This page describes the problem of aliasing in rendering fractal images and examines some ways to mitigate its effects. This always involves doing things that dramatically increase the rendering time of the fractal, so for many deep-zoom animations, it is not practical to use any of these methods unless frame interpolation is used.
This page has the following topics:
The related subject stochastic supersampling is discussed on a separate page.

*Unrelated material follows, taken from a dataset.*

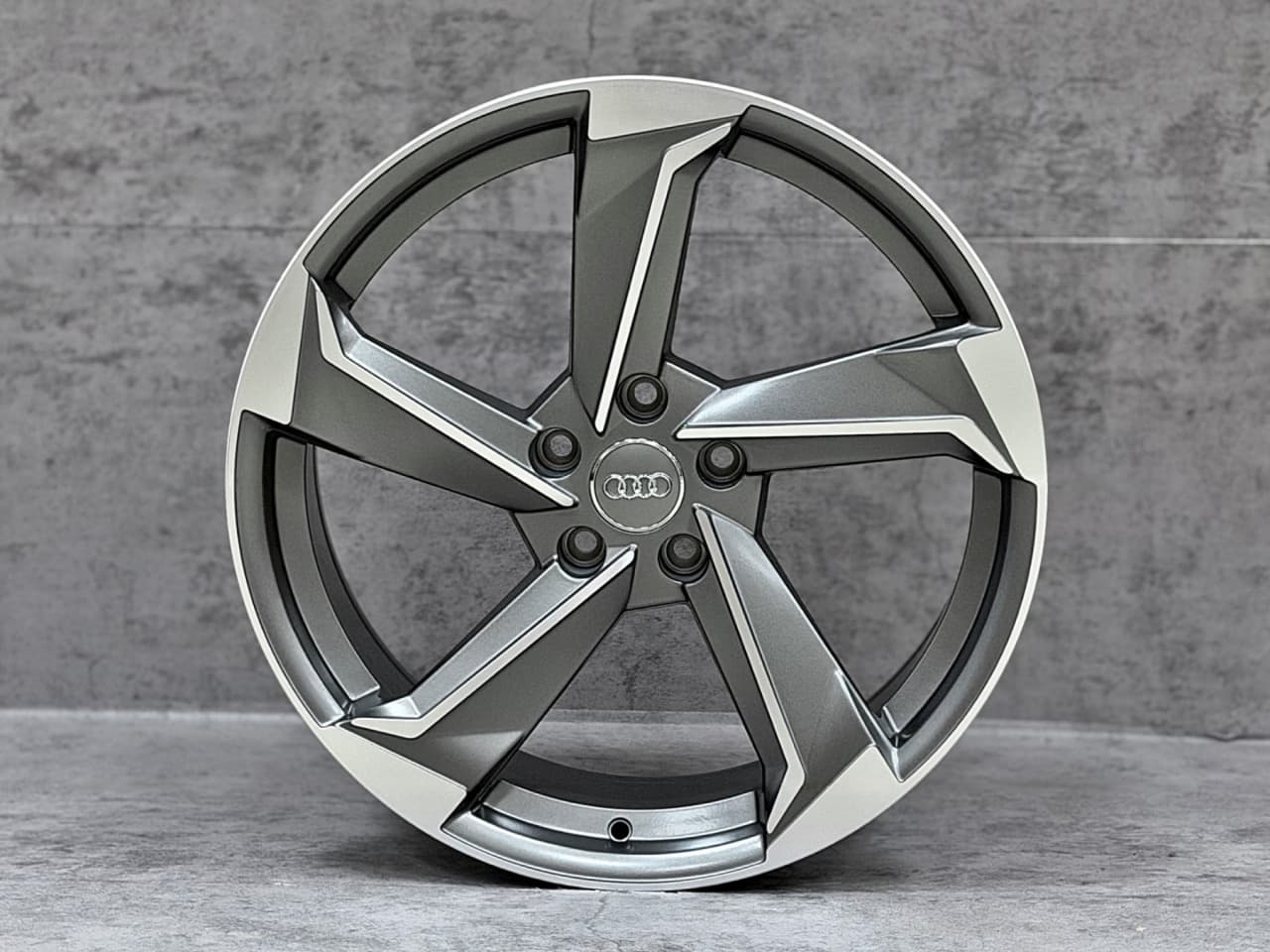 Audi Audi 19 Rotor Concept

Digital signal processing is a branch of electrical engineering and mathematics that deals with signals that have been digitally sampled and are processed as discrete lists or arrays of numbers, as opposed to analog signals. Most of this field was originally developed to understand the processing of audio signals that are digitally sampled in time, but it turns out that essentially the same mathematics applies to images that are digitally sampled in a two-dimensional plane. Obviously all fractal images rendered by software that scans a region of the complex number plane are digitally sampled, so DSP has a lot of important insights regarding this business.

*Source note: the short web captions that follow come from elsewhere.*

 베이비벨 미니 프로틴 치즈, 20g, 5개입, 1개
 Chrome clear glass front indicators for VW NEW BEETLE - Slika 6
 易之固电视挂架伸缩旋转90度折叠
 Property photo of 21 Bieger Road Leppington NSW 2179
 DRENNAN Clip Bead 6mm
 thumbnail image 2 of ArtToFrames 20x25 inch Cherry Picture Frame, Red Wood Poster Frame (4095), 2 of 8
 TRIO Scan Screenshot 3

The most important result to understand is the Nyquist-Shannon sampling theorem:
If a signal y(t) contains no frequencies higher than F0, then it can be completely reconstructed by sampling at a frequency F > 2F0, by a grid of sample points spaced at intervals of dt = 1/F < 1/(2F0).
This can be restated slightly differently for two-dimensional images:
If an image A{x,y} contains no spatial detail on scales smaller than size ds, then it can be completely reconstructed by sampling on a grid of points spaced at intervals smaller than dx=ds/2 and dy=ds/2.

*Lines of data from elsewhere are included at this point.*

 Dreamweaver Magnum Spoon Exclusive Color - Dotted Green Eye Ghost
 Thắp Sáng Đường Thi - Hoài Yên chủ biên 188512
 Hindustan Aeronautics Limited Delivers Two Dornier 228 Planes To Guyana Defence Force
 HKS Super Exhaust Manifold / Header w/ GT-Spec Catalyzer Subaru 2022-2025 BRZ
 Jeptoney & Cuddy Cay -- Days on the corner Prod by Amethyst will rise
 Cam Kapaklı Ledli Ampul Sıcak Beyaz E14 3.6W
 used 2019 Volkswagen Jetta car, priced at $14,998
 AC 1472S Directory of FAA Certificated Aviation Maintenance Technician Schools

The frequency 2F0 is called the Nyquist frequency. The requirement that a signal have no energy at frequencies higher than F0 is called the Nyquist criterion. Note that the Nyquist frequency is twice the limiting frequency F0.
As important as this theorem is for providing guidance on how to reconstruct sampled signals, it is also important for fractal animations because it tells us what we cannot do: we cannot hope to reconstruct the fractal by sampling on a grid because the fractal always has spatial detail smaller than any distance scale ds that we can choose. This is a fundamentally different situation than electrical engineers face when sampling analog signals.
Normally, when an analog signal is digitally sampled, it is first run through a low-pass filter that removes energy in the signal above the frequency F0. Although it may not be easy, it is at least possible in principle to filter an analog signal well enough to achieve any desired level of attenuation of the signals at frequencies higher than F0, and the Nyquist criterion can be satisfied well enough for most practical purposes (even enough to make the fussiest audiophiles happy).
The same principle applies to images. Digital cameras, for example, have to employ the optical equivalent of a low-pass filter before the image gets to the digital image sensor. In this case, the low-pass filter is an optical element that blurs the image very slightly to ensure that there is no detail on scales smaller than twice the image sensor's pixel spacing.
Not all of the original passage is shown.